Шрелла подождал, пока ему положили курицу с картофелем и салатом, кивнул Неттлингеру и поднял свой стакан с пивом, наблюдая за тем, как кельнер поливал кусок филе на тарелке Неттлингера густым темно-коричневым соусом.
— А что, Вакера еще жив?
Разумеется, — ответил Неттлингер, — ему ведь всего пятьдесят восемь лет, но… в моих устах это слово, очевидно, покажется тебе смешным… Вакера из числа неисправимых.
— Как прикажешь понять тебя? — спросил Шрелла. — Неужели это действительно возможно, неужели есть неисправимые немцы?

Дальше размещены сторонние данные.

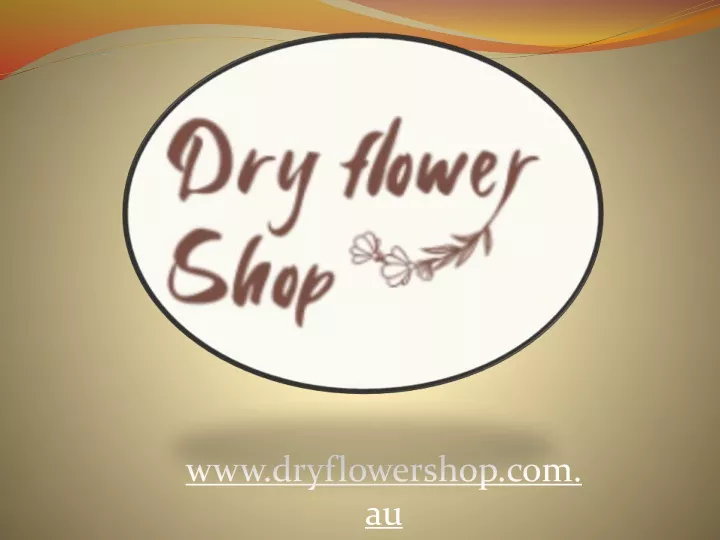 www dryflowershop com au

— Он стоит на тех же самых позициях, на которых стоял в тысяча девятьсот тридцать пятом году.
— Гинденбург и все такое прочее? Приличия и еще раз приличия, верность, честь… так, что ли?
— Точно. Его лозунгом и сейчас был бы Гинденбург.
— А каков твой лозунг?
Неттлингер оторвал взгляд от тарелки; в руке он держал вилку, на которую был насажен только что отрезанный кусочек мяса.
— Я хочу, чтобы ты меня понял, — сказал он, — я демократ, демократ по убеждению.
Неттлингер опять склонил голову над своим филе, потом поднял вилку с насаженным на нее кусочком мяса, сунул его в рот, вытер губы салфеткой и, качая головой, протянул руку к фужеру с вином.